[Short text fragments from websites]

"""

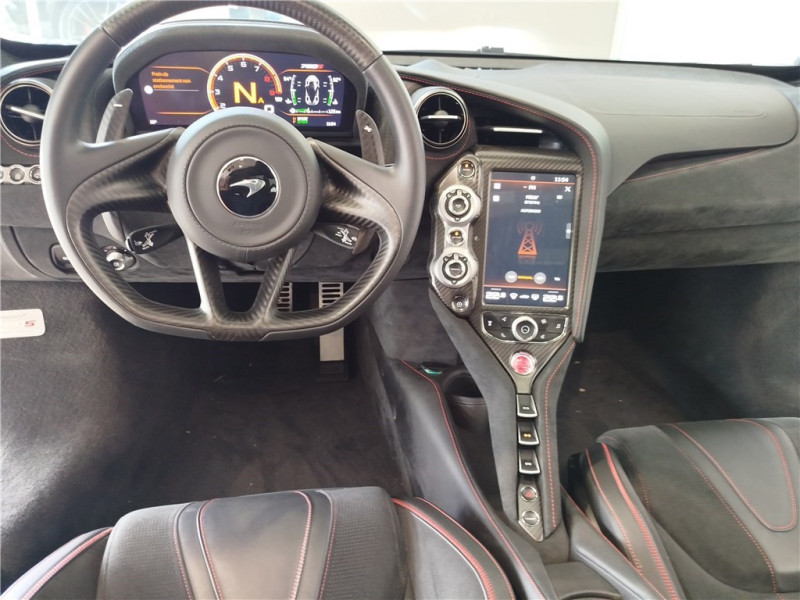 MCLAREN MCLAREN 720S V8 4.0 720 CH de 2023 avec 5 200 km | Occasion proche Lyon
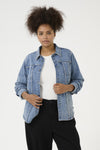 KCdarina Denim Jacket - Dongerijakke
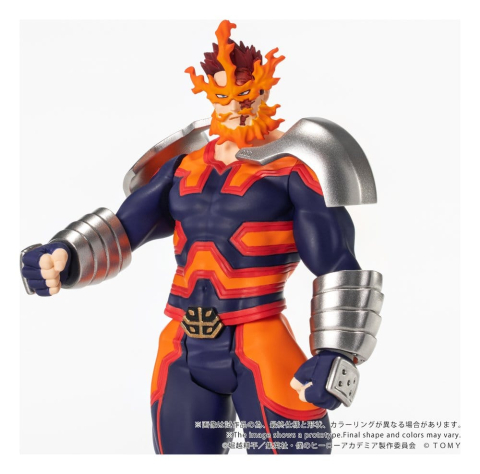 My Hero Academia Collekazaro Action Figure CK-M14 Endeavor 11 cm [5]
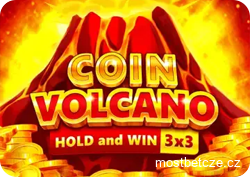 Coin Volcano slot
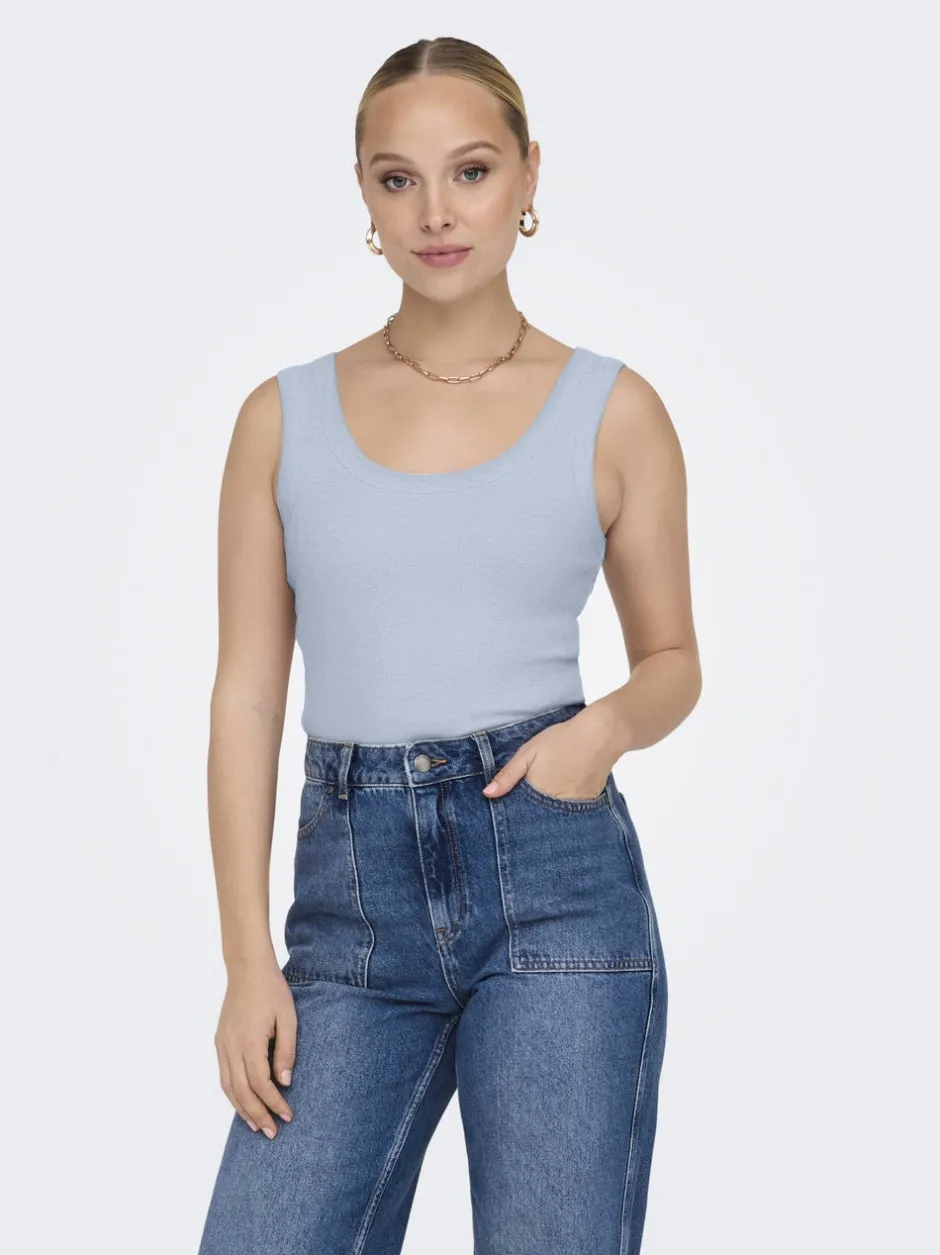Online ONLEASY Tanktop Dame Toppe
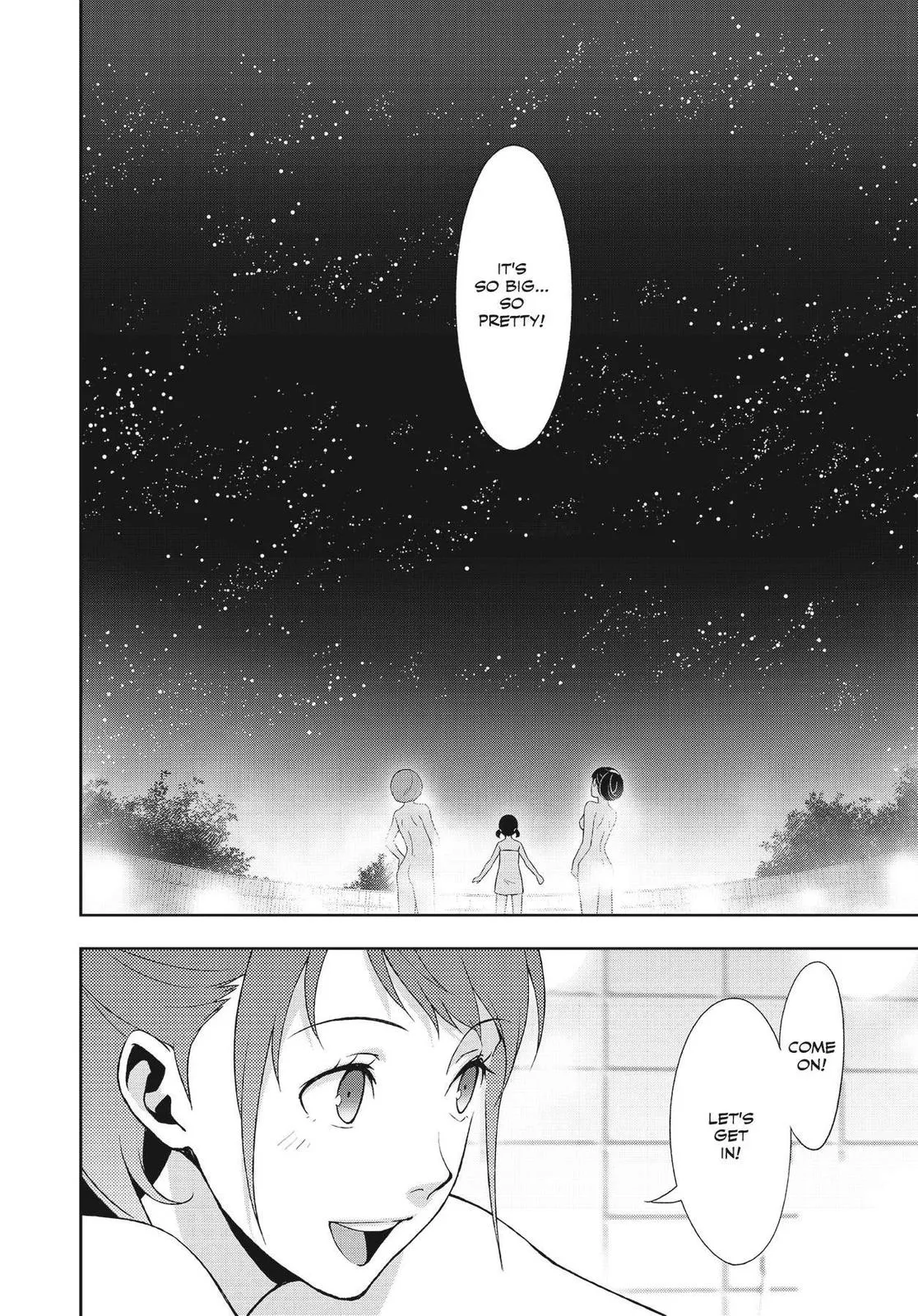 Read Persona 4 EN Manga Online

"""

# Your assignment
Your task is an exact printout of the records above, with no pictures.

# Final answer
 MCLAREN MCLAREN 720S V8 4.0 720 CH de 2023 avec 5 200 km | Occasion proche Lyon
 KCdarina Denim Jacket - Dongerijakke
 My Hero Academia Collekazaro Action Figure CK-M14 Endeavor 11 cm [5]
 Coin Volcano slot
Online ONLEASY Tanktop Dame Toppe
 Read Persona 4 EN Manga Online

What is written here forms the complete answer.